Data supplied:
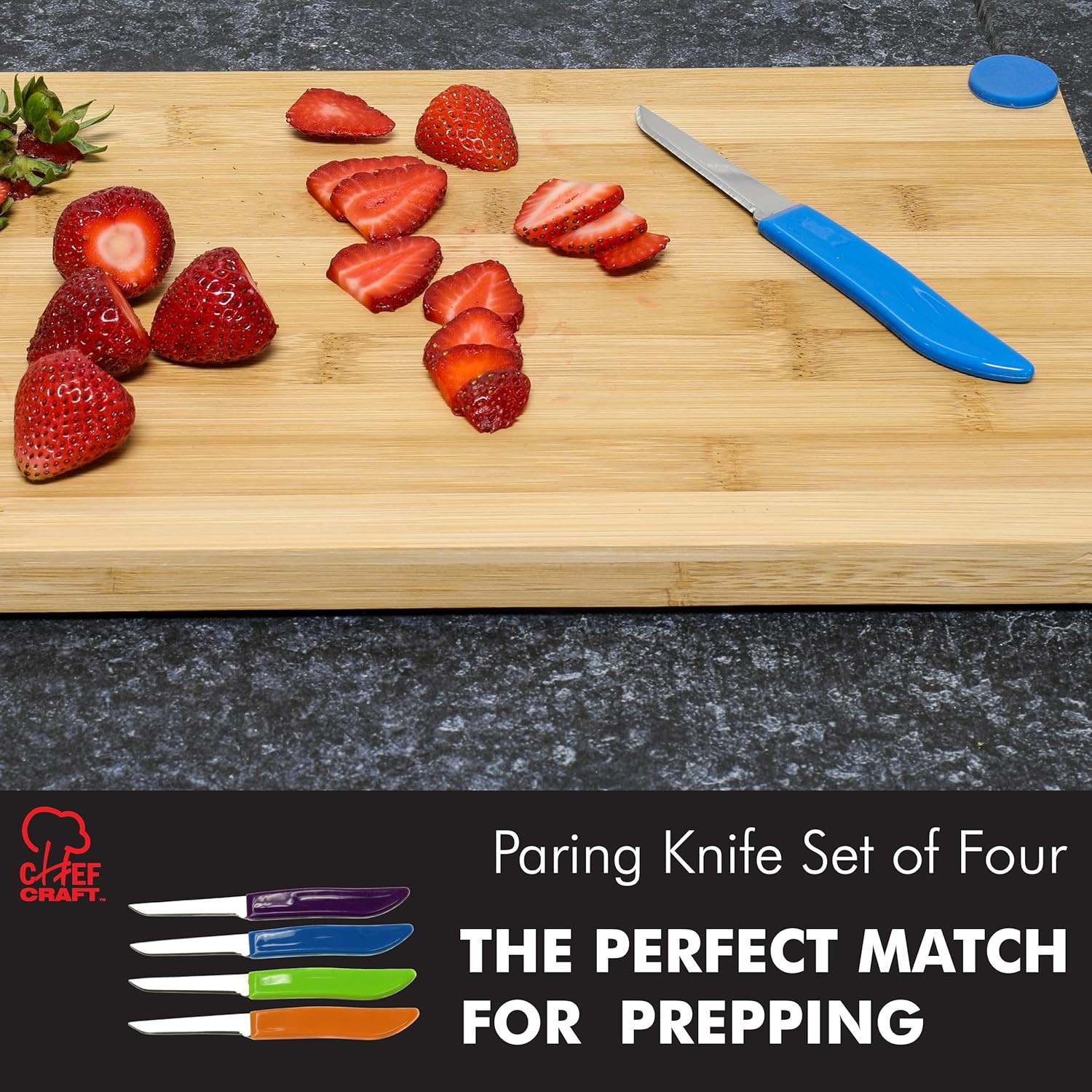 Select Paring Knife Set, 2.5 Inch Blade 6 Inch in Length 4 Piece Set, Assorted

--

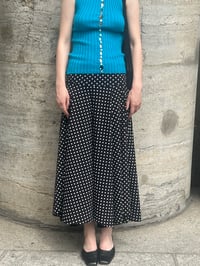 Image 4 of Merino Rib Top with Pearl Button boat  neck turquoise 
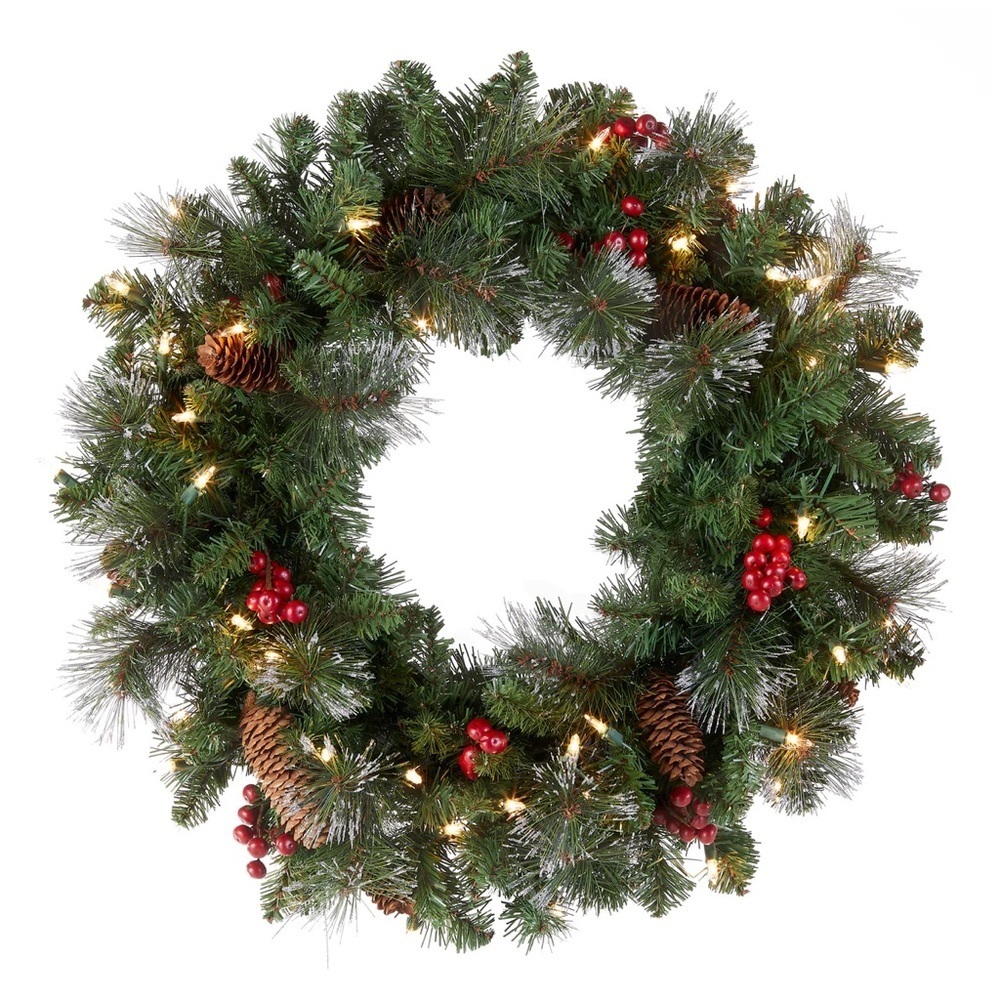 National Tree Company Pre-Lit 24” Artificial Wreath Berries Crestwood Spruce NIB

Task to complete: Using the records above, print exactly the run of lines that starts with the line with "Image 4 of Merino" and goes on through the line with "National Tree Company", pictures excluded.

Solution:
 Image 4 of Merino Rib Top with Pearl Button boat  neck turquoise 
 National Tree Company Pre-Lit 24” Artificial Wreath Berries Crestwood Spruce NIB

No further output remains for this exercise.